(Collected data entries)
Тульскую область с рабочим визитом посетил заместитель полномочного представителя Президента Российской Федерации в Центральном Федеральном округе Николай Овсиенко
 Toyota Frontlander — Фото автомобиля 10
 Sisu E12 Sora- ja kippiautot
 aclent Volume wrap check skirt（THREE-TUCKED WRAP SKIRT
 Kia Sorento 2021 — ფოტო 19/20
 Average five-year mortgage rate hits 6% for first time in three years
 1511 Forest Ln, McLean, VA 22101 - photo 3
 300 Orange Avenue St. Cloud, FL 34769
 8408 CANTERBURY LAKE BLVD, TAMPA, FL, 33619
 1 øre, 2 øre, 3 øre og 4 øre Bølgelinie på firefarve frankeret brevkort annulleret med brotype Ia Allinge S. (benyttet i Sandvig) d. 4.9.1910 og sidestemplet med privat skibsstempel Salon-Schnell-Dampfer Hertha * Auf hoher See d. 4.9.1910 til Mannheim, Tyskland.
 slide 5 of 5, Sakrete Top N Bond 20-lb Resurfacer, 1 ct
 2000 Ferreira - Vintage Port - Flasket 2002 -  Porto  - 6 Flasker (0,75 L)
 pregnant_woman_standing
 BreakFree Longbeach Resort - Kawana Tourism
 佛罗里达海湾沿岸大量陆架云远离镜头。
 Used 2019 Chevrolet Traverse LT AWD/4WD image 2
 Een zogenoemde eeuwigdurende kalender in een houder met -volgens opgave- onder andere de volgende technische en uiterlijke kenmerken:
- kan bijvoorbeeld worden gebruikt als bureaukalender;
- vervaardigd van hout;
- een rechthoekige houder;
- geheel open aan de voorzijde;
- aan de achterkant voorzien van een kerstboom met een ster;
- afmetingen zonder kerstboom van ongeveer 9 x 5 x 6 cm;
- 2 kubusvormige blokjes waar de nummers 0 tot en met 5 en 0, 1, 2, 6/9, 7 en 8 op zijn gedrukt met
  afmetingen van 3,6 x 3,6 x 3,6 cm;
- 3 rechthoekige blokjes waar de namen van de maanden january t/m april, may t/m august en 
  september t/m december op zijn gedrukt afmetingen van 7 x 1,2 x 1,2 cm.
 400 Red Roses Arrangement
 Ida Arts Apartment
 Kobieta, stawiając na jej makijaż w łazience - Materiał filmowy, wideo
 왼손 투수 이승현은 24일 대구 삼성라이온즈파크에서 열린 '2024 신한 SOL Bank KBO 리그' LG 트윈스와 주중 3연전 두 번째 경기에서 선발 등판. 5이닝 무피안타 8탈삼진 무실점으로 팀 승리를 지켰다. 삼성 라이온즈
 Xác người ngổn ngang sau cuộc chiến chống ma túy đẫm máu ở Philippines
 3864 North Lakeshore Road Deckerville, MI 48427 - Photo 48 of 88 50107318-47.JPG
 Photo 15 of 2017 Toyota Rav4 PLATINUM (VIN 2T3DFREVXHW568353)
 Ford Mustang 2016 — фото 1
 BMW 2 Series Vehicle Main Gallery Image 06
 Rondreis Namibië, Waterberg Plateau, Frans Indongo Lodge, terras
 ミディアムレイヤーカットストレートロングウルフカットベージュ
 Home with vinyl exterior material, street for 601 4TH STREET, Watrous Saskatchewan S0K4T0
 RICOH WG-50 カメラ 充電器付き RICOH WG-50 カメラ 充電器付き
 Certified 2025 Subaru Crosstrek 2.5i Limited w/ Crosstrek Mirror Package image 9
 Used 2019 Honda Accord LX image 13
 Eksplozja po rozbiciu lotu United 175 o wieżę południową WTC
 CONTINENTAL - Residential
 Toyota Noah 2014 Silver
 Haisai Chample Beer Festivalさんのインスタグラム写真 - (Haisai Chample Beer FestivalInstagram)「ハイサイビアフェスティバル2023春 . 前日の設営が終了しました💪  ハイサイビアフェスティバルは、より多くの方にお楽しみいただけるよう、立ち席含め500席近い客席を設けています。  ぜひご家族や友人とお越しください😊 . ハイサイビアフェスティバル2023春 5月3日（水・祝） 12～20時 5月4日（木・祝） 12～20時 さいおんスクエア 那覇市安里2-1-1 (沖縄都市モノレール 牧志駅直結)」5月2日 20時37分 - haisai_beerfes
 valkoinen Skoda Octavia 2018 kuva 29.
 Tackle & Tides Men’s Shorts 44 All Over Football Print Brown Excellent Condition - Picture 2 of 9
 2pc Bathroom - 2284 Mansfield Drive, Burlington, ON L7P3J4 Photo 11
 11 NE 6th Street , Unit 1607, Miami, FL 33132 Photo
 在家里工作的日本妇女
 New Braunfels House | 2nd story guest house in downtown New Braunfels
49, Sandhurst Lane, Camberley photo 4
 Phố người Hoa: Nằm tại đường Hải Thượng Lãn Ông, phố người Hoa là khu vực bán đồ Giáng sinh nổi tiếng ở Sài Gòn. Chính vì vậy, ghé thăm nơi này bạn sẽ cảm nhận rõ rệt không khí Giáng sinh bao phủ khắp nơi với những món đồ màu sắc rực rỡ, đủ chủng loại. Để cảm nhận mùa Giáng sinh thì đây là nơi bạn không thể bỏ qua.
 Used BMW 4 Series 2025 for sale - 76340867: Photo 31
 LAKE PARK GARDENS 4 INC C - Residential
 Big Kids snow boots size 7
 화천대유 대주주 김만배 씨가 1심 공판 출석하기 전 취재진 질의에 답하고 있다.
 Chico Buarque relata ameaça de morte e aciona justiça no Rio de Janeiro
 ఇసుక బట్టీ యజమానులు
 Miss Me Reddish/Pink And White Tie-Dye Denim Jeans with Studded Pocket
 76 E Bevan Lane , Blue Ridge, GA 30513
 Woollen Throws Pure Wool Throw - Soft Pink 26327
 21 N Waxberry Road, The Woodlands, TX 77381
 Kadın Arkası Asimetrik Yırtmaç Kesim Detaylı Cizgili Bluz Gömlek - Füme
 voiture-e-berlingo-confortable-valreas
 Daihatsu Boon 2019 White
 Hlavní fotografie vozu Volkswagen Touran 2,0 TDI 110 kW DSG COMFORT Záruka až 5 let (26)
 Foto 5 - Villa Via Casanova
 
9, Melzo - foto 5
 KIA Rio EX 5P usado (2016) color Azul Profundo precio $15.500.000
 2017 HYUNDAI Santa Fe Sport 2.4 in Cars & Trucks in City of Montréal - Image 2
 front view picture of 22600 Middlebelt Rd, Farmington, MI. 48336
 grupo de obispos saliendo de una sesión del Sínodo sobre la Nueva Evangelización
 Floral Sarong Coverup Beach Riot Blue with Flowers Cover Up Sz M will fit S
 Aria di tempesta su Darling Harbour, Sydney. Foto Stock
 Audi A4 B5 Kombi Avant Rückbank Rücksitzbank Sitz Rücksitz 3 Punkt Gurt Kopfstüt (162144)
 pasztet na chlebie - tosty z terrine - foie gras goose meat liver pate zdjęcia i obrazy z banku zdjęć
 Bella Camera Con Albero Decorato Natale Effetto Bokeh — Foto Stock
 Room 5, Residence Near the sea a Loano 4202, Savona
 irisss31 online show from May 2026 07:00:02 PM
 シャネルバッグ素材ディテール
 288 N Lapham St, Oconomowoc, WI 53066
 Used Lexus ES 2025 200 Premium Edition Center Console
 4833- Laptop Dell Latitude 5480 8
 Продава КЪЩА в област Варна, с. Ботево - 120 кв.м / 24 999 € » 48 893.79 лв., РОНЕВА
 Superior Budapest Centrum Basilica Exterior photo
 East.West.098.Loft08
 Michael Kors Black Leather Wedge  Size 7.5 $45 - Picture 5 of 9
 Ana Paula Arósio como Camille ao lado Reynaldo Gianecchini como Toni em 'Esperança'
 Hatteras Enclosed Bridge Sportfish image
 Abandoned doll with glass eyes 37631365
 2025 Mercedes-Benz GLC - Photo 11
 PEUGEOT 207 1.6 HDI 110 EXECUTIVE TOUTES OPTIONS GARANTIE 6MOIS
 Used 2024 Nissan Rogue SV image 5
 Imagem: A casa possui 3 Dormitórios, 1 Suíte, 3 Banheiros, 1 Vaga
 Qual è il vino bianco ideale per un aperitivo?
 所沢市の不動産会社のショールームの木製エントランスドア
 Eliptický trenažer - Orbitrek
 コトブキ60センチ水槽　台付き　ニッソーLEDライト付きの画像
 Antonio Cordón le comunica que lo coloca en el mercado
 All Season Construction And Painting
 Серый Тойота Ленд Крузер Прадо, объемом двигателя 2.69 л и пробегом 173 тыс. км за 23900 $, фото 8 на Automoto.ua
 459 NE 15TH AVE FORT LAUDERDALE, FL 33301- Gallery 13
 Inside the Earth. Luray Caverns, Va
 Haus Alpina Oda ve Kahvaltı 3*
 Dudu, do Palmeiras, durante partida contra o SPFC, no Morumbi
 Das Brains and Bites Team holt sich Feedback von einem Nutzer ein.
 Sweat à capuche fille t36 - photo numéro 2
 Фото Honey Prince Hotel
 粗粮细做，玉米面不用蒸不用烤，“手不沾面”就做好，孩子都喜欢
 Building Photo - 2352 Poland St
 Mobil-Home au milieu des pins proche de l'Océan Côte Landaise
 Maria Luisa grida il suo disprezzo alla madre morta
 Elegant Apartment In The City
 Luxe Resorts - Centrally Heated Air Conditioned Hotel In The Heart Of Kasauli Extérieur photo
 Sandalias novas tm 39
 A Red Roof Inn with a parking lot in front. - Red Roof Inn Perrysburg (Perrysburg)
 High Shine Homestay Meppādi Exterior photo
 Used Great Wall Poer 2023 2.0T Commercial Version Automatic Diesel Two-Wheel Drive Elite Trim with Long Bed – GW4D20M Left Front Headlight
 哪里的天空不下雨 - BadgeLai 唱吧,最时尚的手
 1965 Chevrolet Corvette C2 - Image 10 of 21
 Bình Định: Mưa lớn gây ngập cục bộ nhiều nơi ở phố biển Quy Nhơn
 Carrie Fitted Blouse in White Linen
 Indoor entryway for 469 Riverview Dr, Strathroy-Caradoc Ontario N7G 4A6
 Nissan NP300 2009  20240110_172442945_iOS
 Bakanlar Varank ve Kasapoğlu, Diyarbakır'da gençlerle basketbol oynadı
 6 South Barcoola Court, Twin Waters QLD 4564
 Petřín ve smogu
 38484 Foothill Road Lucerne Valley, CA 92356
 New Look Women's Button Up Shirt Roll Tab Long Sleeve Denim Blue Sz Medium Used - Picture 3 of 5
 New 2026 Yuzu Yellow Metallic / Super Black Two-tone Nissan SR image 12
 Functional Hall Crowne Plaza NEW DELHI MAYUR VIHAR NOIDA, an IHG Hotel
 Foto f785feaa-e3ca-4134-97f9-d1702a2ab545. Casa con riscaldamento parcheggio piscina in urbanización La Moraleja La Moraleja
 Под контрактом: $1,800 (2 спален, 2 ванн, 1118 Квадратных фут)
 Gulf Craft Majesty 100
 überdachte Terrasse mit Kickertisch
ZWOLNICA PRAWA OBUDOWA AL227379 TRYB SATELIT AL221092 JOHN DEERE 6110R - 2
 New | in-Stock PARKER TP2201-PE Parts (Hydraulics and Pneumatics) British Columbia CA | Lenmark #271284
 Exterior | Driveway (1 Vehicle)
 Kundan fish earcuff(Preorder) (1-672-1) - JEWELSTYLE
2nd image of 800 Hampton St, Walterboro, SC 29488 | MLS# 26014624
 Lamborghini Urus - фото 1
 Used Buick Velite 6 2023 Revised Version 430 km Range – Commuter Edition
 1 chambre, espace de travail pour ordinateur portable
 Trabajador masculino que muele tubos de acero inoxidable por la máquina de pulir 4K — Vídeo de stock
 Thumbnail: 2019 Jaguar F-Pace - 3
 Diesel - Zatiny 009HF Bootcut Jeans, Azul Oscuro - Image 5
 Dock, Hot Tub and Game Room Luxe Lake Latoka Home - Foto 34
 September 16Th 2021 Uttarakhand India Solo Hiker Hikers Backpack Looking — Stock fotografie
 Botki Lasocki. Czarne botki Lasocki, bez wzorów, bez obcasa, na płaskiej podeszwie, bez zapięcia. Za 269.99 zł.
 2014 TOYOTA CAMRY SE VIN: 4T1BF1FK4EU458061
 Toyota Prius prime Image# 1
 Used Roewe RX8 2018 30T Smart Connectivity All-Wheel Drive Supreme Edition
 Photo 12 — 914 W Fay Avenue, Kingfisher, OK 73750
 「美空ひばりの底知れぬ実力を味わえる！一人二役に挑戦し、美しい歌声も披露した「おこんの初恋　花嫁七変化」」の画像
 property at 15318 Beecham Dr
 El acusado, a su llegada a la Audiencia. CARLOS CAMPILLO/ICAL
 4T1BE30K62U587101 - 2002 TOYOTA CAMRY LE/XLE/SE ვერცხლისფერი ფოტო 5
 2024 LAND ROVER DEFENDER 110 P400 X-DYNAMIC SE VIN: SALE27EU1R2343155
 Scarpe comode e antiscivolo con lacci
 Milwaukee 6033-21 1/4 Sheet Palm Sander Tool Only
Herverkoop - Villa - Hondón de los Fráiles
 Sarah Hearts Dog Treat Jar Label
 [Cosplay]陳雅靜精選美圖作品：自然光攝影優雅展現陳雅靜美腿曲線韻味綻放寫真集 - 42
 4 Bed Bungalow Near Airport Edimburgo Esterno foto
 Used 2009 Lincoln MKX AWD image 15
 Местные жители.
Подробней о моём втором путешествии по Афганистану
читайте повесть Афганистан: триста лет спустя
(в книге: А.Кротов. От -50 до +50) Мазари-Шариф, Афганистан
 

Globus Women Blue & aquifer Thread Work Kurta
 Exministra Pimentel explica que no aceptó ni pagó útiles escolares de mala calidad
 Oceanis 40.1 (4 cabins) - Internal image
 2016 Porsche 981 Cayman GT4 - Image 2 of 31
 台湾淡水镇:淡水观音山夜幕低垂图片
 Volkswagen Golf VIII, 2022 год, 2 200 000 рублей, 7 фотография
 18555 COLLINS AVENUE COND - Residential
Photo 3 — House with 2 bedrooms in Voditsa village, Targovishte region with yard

_Task to carry out_:
The answer is the run of lines above from the line containing "300 Orange Avenue St. Cloud, FL 34769" through the line containing "Ida Arts Apartment", copied exactly and alone.

_Response box_:
 300 Orange Avenue St. Cloud, FL 34769
 8408 CANTERBURY LAKE BLVD, TAMPA, FL, 33619
 1 øre, 2 øre, 3 øre og 4 øre Bølgelinie på firefarve frankeret brevkort annulleret med brotype Ia Allinge S. (benyttet i Sandvig) d. 4.9.1910 og sidestemplet med privat skibsstempel Salon-Schnell-Dampfer Hertha * Auf hoher See d. 4.9.1910 til Mannheim, Tyskland.
 slide 5 of 5, Sakrete Top N Bond 20-lb Resurfacer, 1 ct
 2000 Ferreira - Vintage Port - Flasket 2002 -  Porto  - 6 Flasker (0,75 L)
 pregnant_woman_standing
 BreakFree Longbeach Resort - Kawana Tourism
 佛罗里达海湾沿岸大量陆架云远离镜头。
 Used 2019 Chevrolet Traverse LT AWD/4WD image 2
 Een zogenoemde eeuwigdurende kalender in een houder met -volgens opgave- onder andere de volgende technische en uiterlijke kenmerken:
- kan bijvoorbeeld worden gebruikt als bureaukalender;
- vervaardigd van hout;
- een rechthoekige houder;
- geheel open aan de voorzijde;
- aan de achterkant voorzien van een kerstboom met een ster;
- afmetingen zonder kerstboom van ongeveer 9 x 5 x 6 cm;
- 2 kubusvormige blokjes waar de nummers 0 tot en met 5 en 0, 1, 2, 6/9, 7 en 8 op zijn gedrukt met
  afmetingen van 3,6 x 3,6 x 3,6 cm;
- 3 rechthoekige blokjes waar de namen van de maanden january t/m april, may t/m august en 
  september t/m december op zijn gedrukt afmetingen van 7 x 1,2 x 1,2 cm.
 400 Red Roses Arrangement
 Ida Arts Apartment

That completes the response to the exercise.